Whoever has not used a messaging application at some time to send a message or risqué image should throw the first stone. We do it believing ourselves to be in a space protected from the eyes of others. What is said or done is between us and the code. This could be about to change in the European Union, according to digital rights activists, in the name of the fight against child sexual abuse. The European Commission intends to approve a regulation before next October – that is, of direct application in all EU countries – that would force all messaging platforms, including those for encrypted communication, to monitor communications in search of of suspicious behavior. Almost all organizations in defense of digital rights and a large number of technology experts warn of the possible loss of fundamental rights and dangers to network security that its approval would entail. However, both the Commissioner for the Interior, Ylva Johansson, and the rapporteur for the project, the Spanish Francisco Javier Zarzalejos, maintain that the Regulation to Prevent and Combat Child Sexual Abuse does not deal with privacy but with the rights of children and accuse activists to "distort the meaning of the project".
“It is not about children, I have read the entire draft, and in 140 pages it does not talk about child sexual abuse. Only about the control of the internet”, denounces Sergio Salgado, an activist from the platform in defense of digital rights Xnet, which today publishes together with Political Watch, The Commoners, Eticas, Inter_ferencias and Guifi•net the report “
The current bill calls for the creation of algorithms that scan communications, particularly sexually explicit material (also between adults), to detect pedophilic material or behavior. There is talk of a "neutral technology", that is, the algorithm in question would navigate something like with its eyes closed, and would only open them if it detects suspicious cases. This material would then be sent to a data processing center, where the human hand would do a first screening. From there, if necessary, it would be sent to the authorities of the respective countries. The problem is that, today, critics of the law say, this technology does not exist. And everything that has been tried before has been discarded due to the unaffordable number of false positives it generated. "The approach is not to say what technology each platform has to use, but to demand that certain standards be met," defends Zarzalejos in conversation with La Vanguardia. The popular MEP affirms that each service has its own particularities, therefore, they must apply different measures to control criminal use by its users and the objective of the regulation is "not to become obsolete."
“We know for a fact that the best technologies in the world to do this have an error rate of between 10% and 20%. On WhatsApp alone, 10 billion messages are sent daily, an error rate of 10% to 20% is in the billions. The error rates are going to be huge,” says Ella Jakubowska, an expert on digital human rights at the European Digital Rights Network (EDRi). To this Zarzalejos responds that "a success rate of 90%, taking into account that later there would be a human review, is not scandalous."
However, when talking about false positives we are not talking in the abstract, some platforms such as Facebook or Gmail already use similar technologies to identify nudity. Salgado explains, for example, the case of a person in the United States who suffered legal problems for a decade after Google identified some photos of his son that he sent for a medical consultation as child sexual abuse material. Jakubowska goes further. Irish police falsely identified hundreds of people as possible abusers after sharing images of their children on the beach or even images of consenting adults.
On May 11, 30 of the leading European IT and cybersecurity experts published an open letter to European leaders warning that the commission's proposal was based on highly imprecise technology and "would endanger the security of all , including some of the most vulnerable: children.” But Zarzalejos disagrees and ensures that this technology has to "adapt and calibrate". “Algorithms can be as specific as you want. It seems suspicious to me that there is technology for everything and not for this, ”he says.

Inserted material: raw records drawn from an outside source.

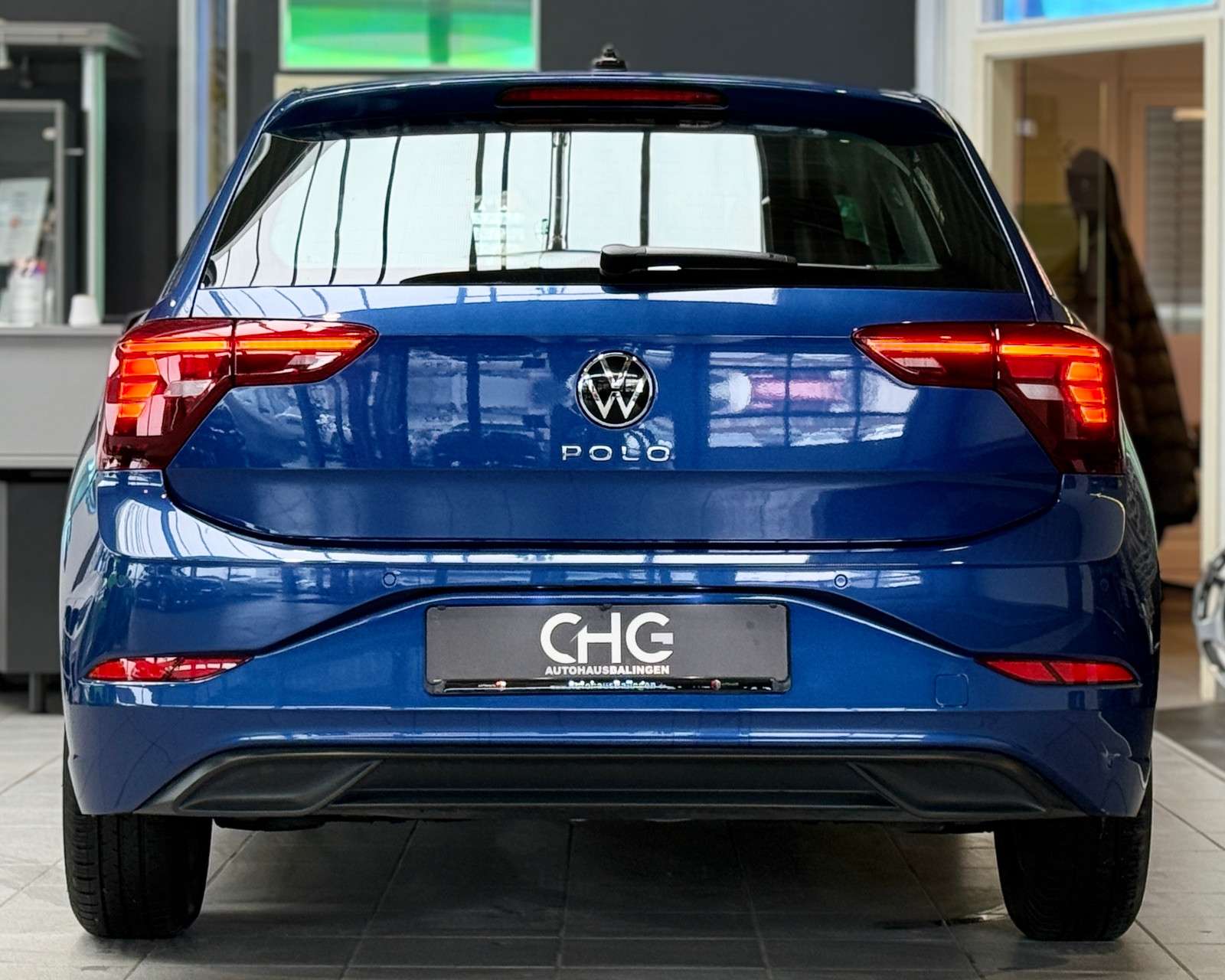 Fahrzeugbild eines Volkswagen Polo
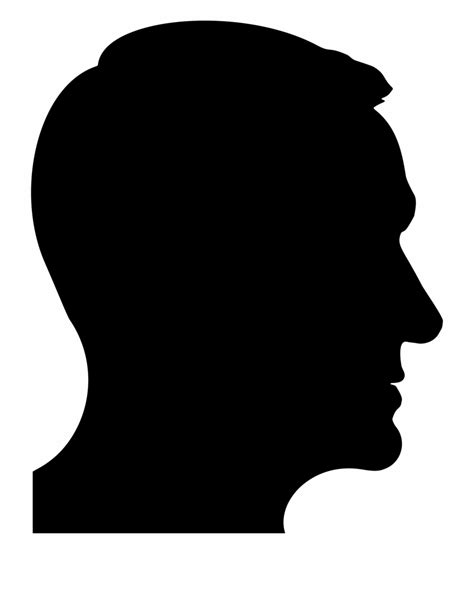 Head And Shoulders Silhouette Clipart 10 Free Cliparts Download Images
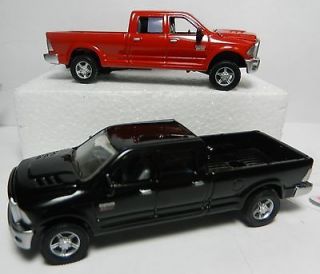 ERTL 164 *BLACK & DARK RED* 2012 Dodge Ram MAGNUM Pickup Truck NEW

The report on Chat Control (as the project is known among activists) criticizes that efforts are going to be wasted on "unnecessary and even harmful" actions when those who are dedicated to combating these crimes denounce that they are not even coping to eliminate pedophilic images as detected on the network. "In fact, these types of criminals do not use mainstream messaging," recalls Salgado, who also warns that opening back doors to access encrypted communication not only violates the right to privacy of communications, but also weakens the security of the entire network. “There are no back doors just for the good guys,” he explains. “A less secure internet with the excuse of protecting children is a less secure internet for everyone. More open to interference by intelligence services, criminals, foreign powers and... pedophiles”.
“Commissioner Johansson has been saying for some time that they want to discourage the use of encryption because it prevents police and governments from being able to break into private citizens' conversations,” says Jakubowska. Asked about the matter, Zarzalejos admits that the encryption of communications is one of the most difficult issues of the project. Although he assures that his proposal "does not contemplate any measure that breaks the encryption", he does acknowledge that there is a "debate" about "technical solutions" such as scanning communications before they occur. "Before an image is sent, for example, it could be detected if it is material of sexual abuse," she explains. But he insists: "The encryption is not going to be touched or anyone is going to be required to access the content."